La stylisation du motif floral
La forte stylisation de cette fleur des champs évoque les figures composées de volumes géométriques et de cylindres des peintures de Fernand Léger ou de Robert Delaunay. Le vocabulaire de formes issues du monde mécanique – tubes, cônes, sphères… – fait écho aux ombelles du clip Chardon réduits à de simples tiges en or. L’abstraction picturale qui s’impose dans les années 1930 triomphe lors de l’Exposition internationale des arts et des techniques de 1937, à Paris.
Cohabitation de représentations stylisées et réalistes
En 1939, la Maison livre une toute autre interprétation de cette fleur.
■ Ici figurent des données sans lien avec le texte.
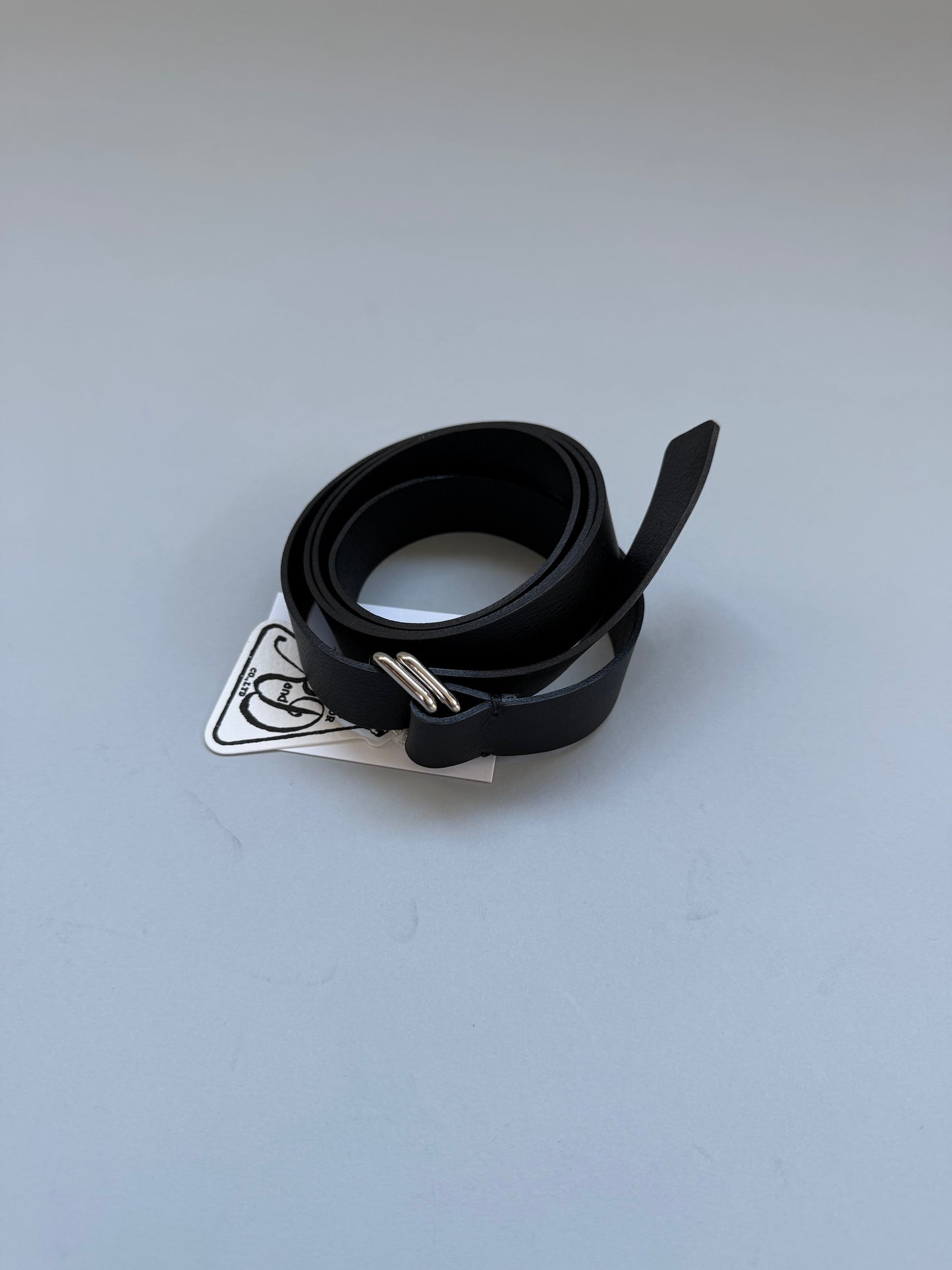 R&D.M.Co- W BUCKLE BELT（7600）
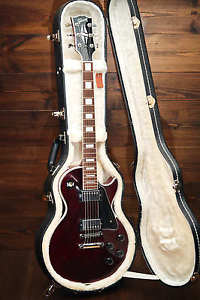 Gibson Les Paul Classic Custom Red Wine 2011
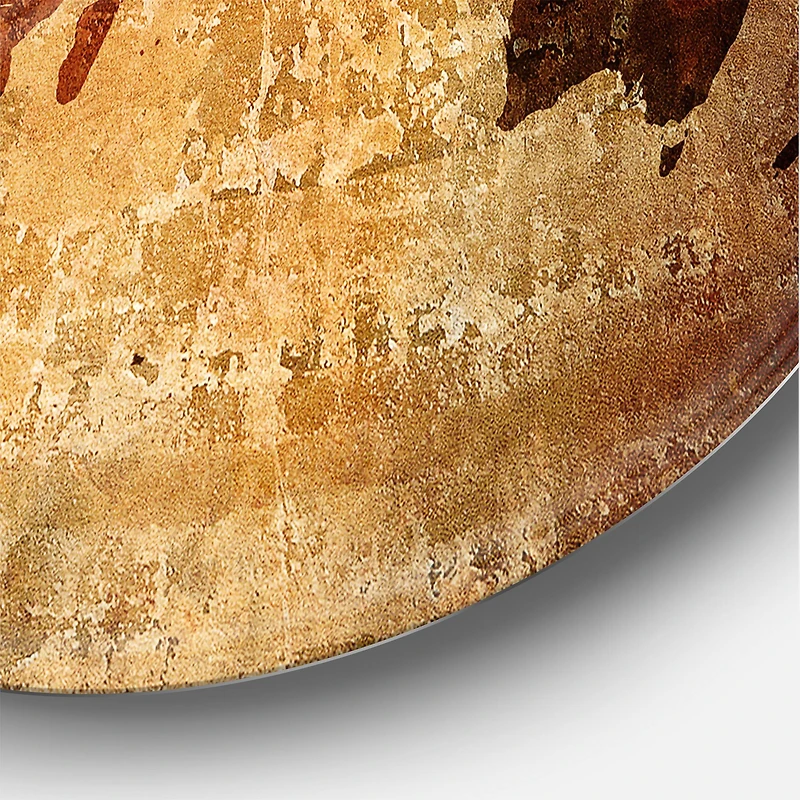 Designart - Ancient Map of The World XI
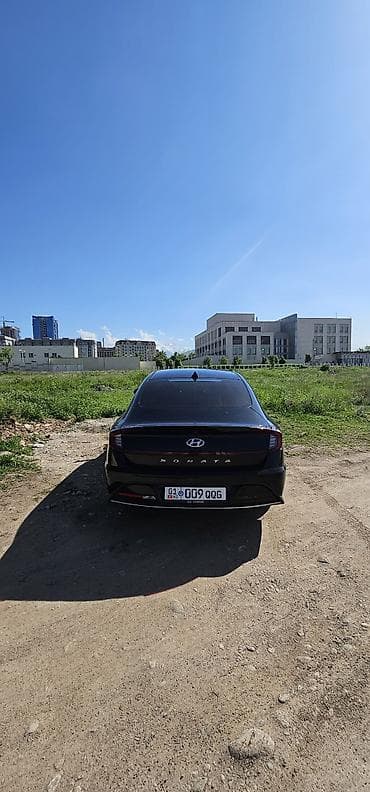 срочно дешево: Hyundai Sonata: 2020 г., 2 л, Автомат, Бензин, Седан — 5
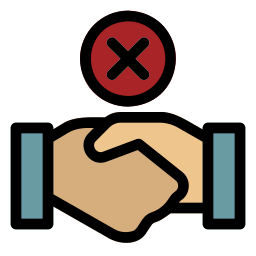 Hand shake icon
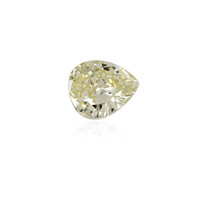 Piedra preciosa con Diamante amarillo SI2 0,32 ct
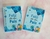 kit Caderninho/bloquinho 7x10 dia dos Pais 40 Folhas Brancas - 30 unidades - loja online
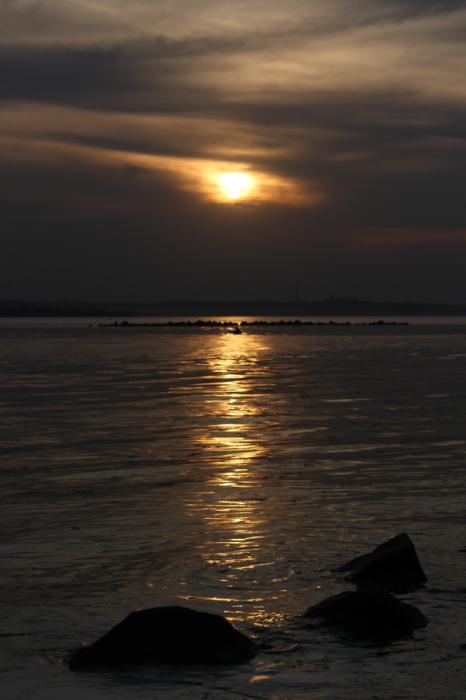 sundown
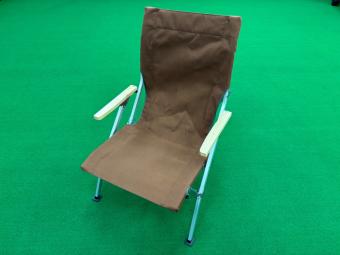 Snow peak (スノーピーク) アウトドアチェア LV-091BR . ブラウン ローチェア30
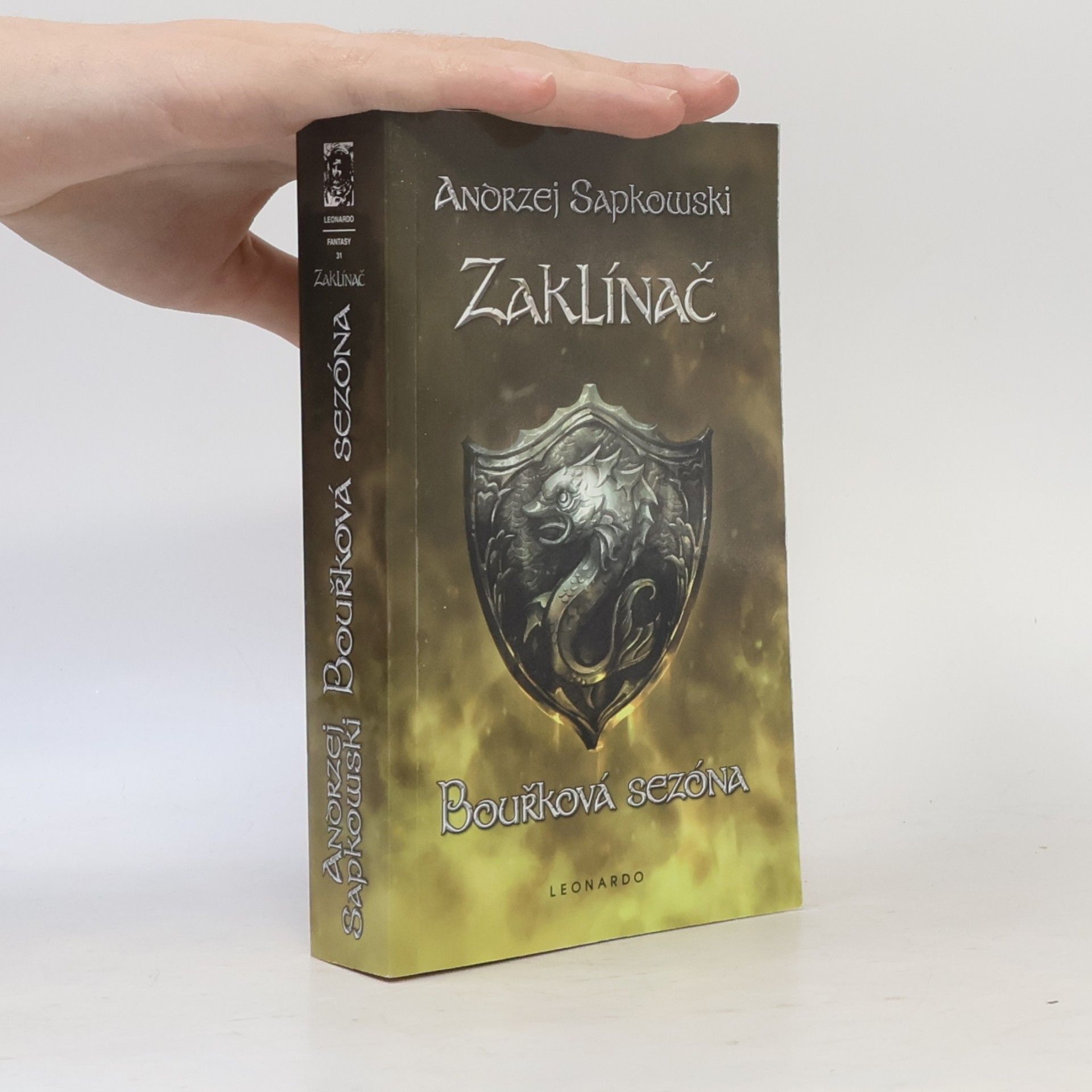 Zaklínač. Bouřková sezóna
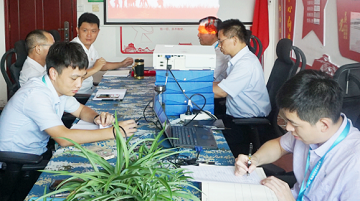 广晟通信技术公司党支部组织“七·一”主题党日活动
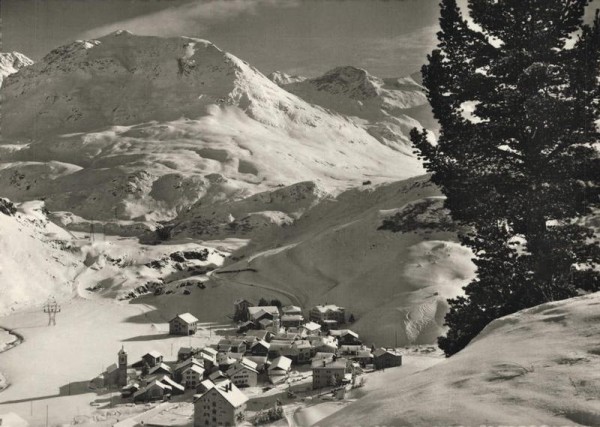 Bivio am Julierpass mit Roccabella Vorderseite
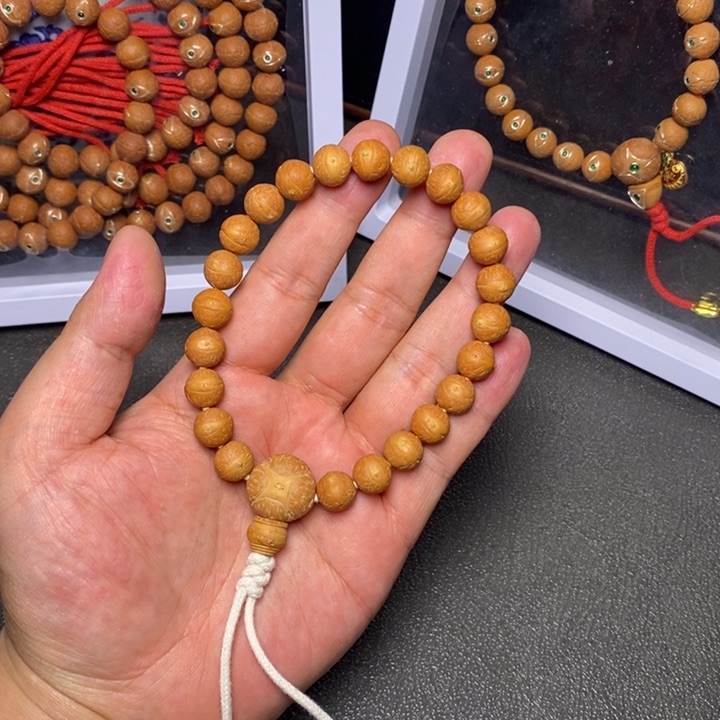 凤眼菩提手串尼泊尔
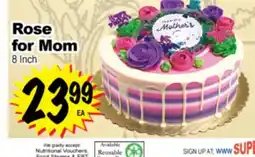 Superior Grocers Rose for Mom offer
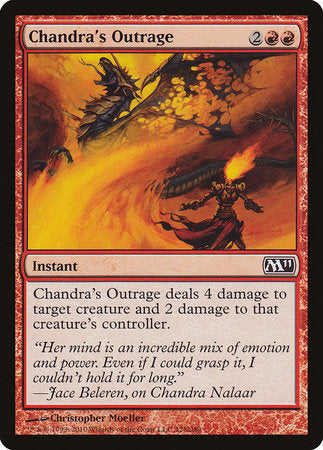 Chandra's Outrage [Magic 2011] | Exor Games Truro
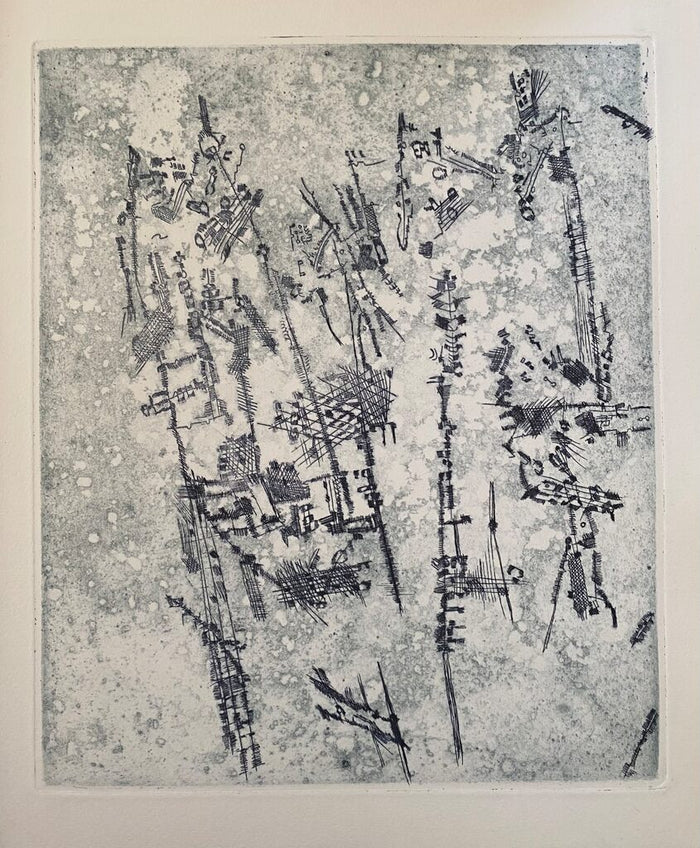 Untitled by Camille Bryen, 1965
Cette fois, elle est restituée dans une approche plus réaliste : sa stylisation exacerbée a fait place à une certaine souplesse. En or jaune et or vert, chaque ombelle, ainsi que la tige et la nervure de la feuille apparaissent avec détails et finesse. Un unique rubis vient marquer le cœur de la fleur, la distinguant du bourgeon qui la jouxte. Ces deux visions témoignent de la cohabitation, au cours des années 1930, de la recherche d’une stylisation épurée et d’une attention particulière pour reproduire fidèlement la nature.